*Exercise directions*: Below are some entries. Return exactly the lines from the one with "Costumed canines strut" through the final line, leaving out any pictures.

*Information given*:

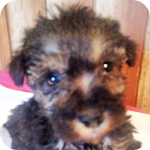 ミックス　シュナプー　ソルト＆ペッパー　メス　子犬販売の専門店　AngelWan　横浜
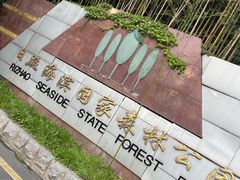 -日照海滨国家森林公园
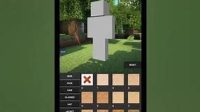 skin minecraft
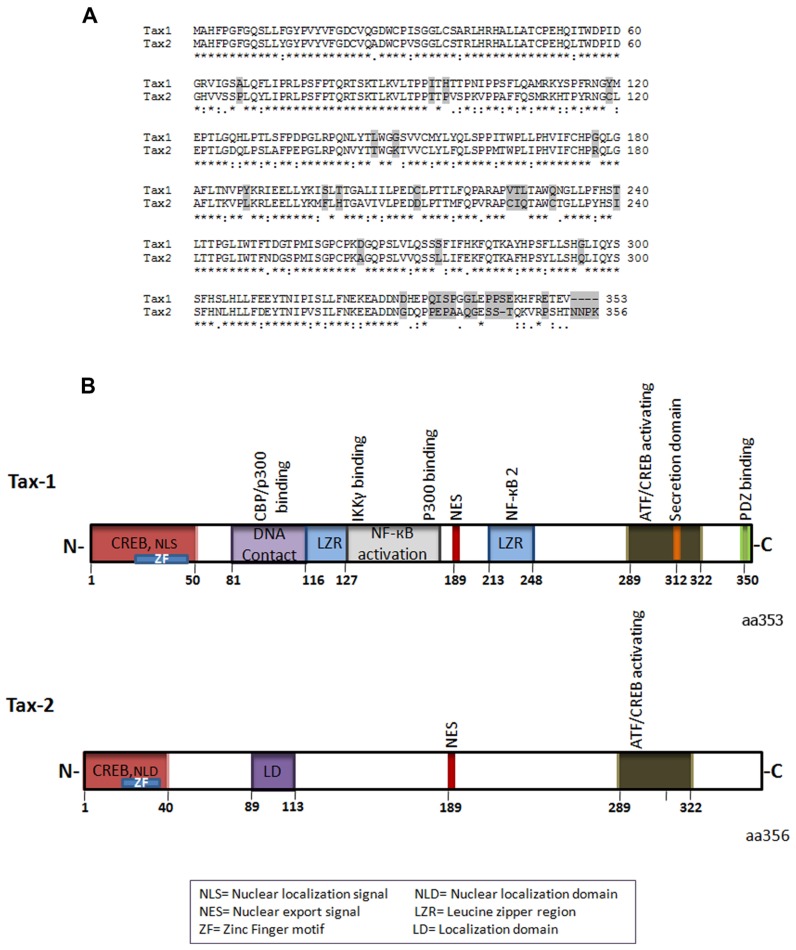 FIGURE 1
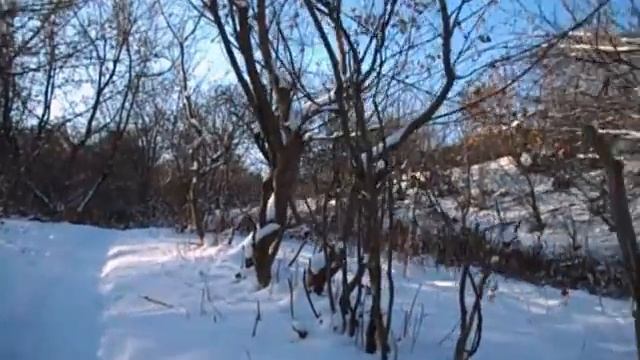 САМВЕЛ СТРАННЫЙ НЕХОРОШИЙ ЗНАК В КВАРТИРЕ МАТЕРИ смотреть онлайн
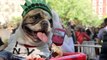 Costumed canines strut their stuff at Halloween Dog Parade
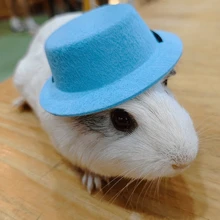 1pc Adjustable Funny Cosplay Santa Hat, Halloween Party Hat, Rabbit/Guinea Pig/Hedgehog Design Hats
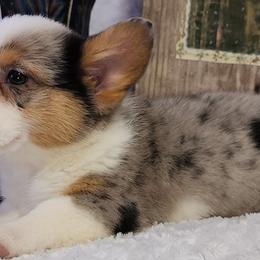 American Corgis and Pembroke Welsh Corgis from Bodacious Blues Kennels (American and Pembroke Welsh Corgis)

*Worked solution*:
 Costumed canines strut their stuff at Halloween Dog Parade
 1pc Adjustable Funny Cosplay Santa Hat, Halloween Party Hat, Rabbit/Guinea Pig/Hedgehog Design Hats
 American Corgis and Pembroke Welsh Corgis from Bodacious Blues Kennels (American and Pembroke Welsh Corgis)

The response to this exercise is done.